Imaginar que somente os portugueses falam o português e que a nossa língua deveria ser reclassificada já que há tantas diferenças razoáveis entre as duas línguas, tanto sob o ponto de vista de vocabulário, quanto à maneira de falar e de entoar frases, acho um pouco radical, confesso.
Após a independência do Brasil, os termos português, língua portuguesa, língua brasileira ou língua nacional eram usados de forma corrente; na verdade numa tentativa de reforçar não somente a independência política, mas também a independência linguística de Portugal.

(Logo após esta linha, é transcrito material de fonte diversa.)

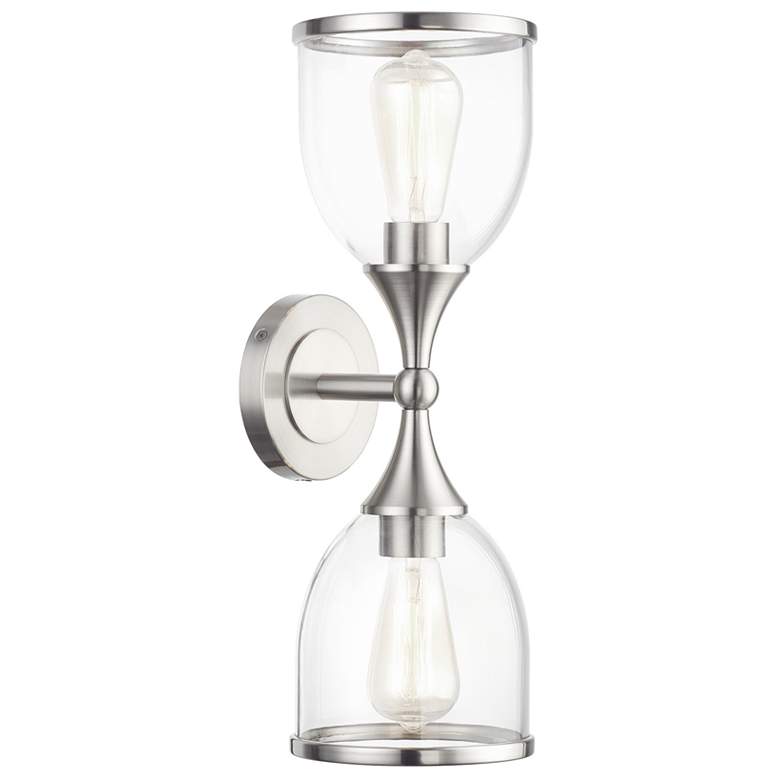 Image 1 2 Light Brushed Nickel Vanity Sconce with Mouth Blown Clear Glass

Em 1935, um projeto de lei tentou impor a mudança do idioma nacional para “brasileiro”, mas o projeto não passou no Congresso. Foi na Constituição de 1946 que uma comissão de linguistas decidiu que o idioma nacional no Brasil era a língua portuguesa, situação essa confirmada também na elaboração da Constituição de 1988. Ou seja, para nós brasileiros, o idioma nacional é a língua portuguesa juridicamente.
Prefiro imaginar que nós, brasileiros, falamos o português do Brasil ou, ainda, o português brasileiro, assim como os ingleses falam um inglês britânico para se diferenciarem do inglês americano.

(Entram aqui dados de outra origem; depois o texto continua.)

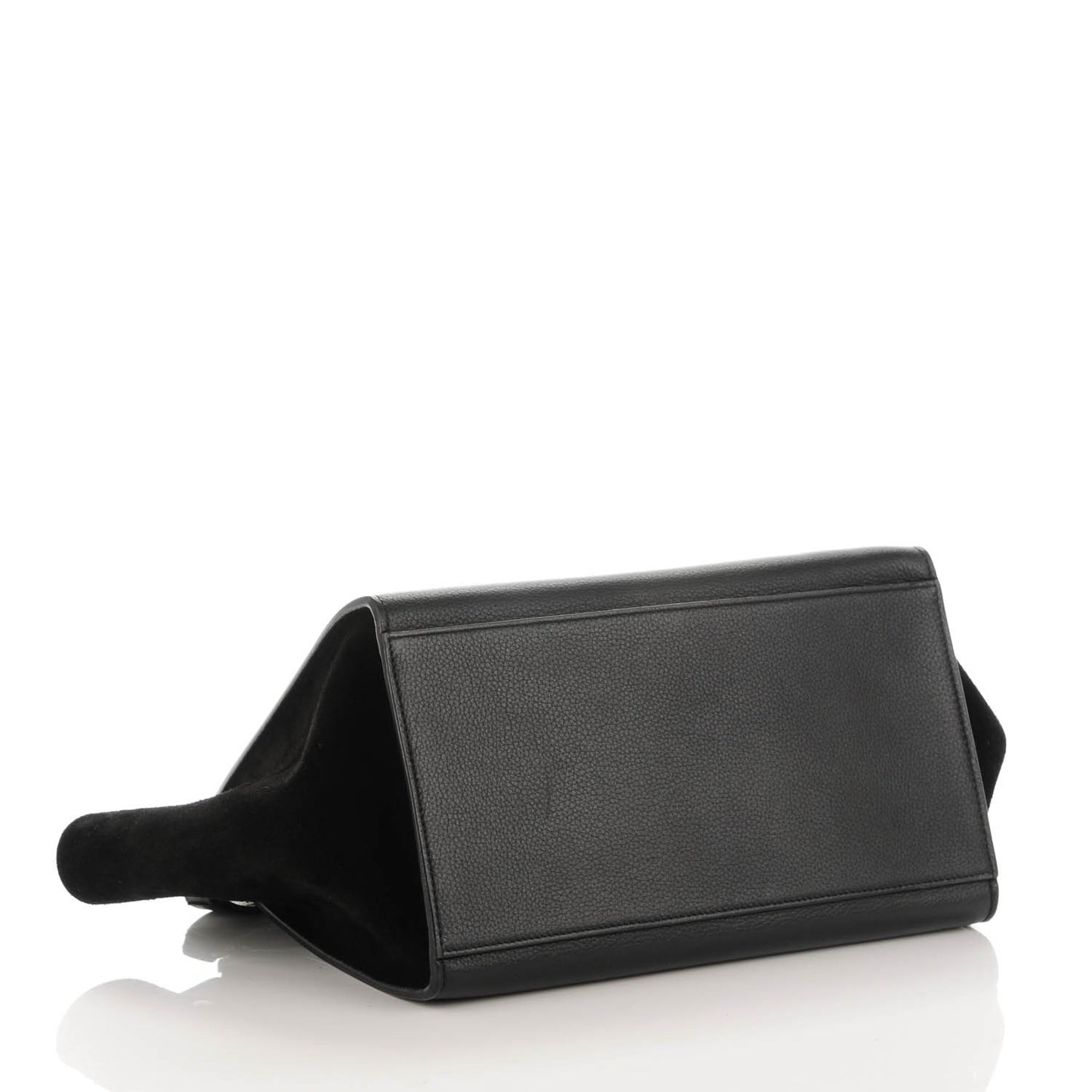 Drummed Calfskin Suede Small Trapeze Black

Mas há uma legião de linguistas acadêmicos que militam e acreditam, piamente, que não há razão alguma para o português do Brasil e o português de Portugal se equiparem e serem classificados como sendo a mesma língua.
Dizem eles que seria melhor, e mais pertinente, falar que os brasileiros falam na verdade o português do Brasil, pois essa nomenclatura consideraria as noções de desenvolvimento independente e contínuo que a língua portuguesa teve no Brasil, especialmente, após o século XIX.
Portanto, se analisarmos de forma rasa, e com um viés de submissão colonial, acho até compreensível, mas burro, infelizmente, incomodar-se quando dizem que falamos brasileiro e não o português europeu.
Se olharmos a questão de forma otimista poderíamos até nos orgulhar de falarmos “brasileiro”, considerando todas as nuances políticas e linguísticas que nosso idioma sofreu nesses séculos.
Mas se essa discussão linguística tomar proporções desnecessárias, e a nossa benevolência e esforço com nossos interlocutores nos custar muito mais do que o razoável e afetar a nossa paz, sugiro seja feita uma contextualização sob os pontos de vista político, linguístico e acadêmico, antes que a emoção ocupe o lugar da razão e cause dissabores sociais incontornáveis.
Assim poder-se-á mudar as abordagens tanto da indignação de um lado quanto de outro. Senão por amor ao saber e à história, quem sabe por amor à cortesia e à educação alguns temas identitários possam ser discutidos de forma mais ampla e inteligente.
Oxalá assim seja, em bom português do Brasil.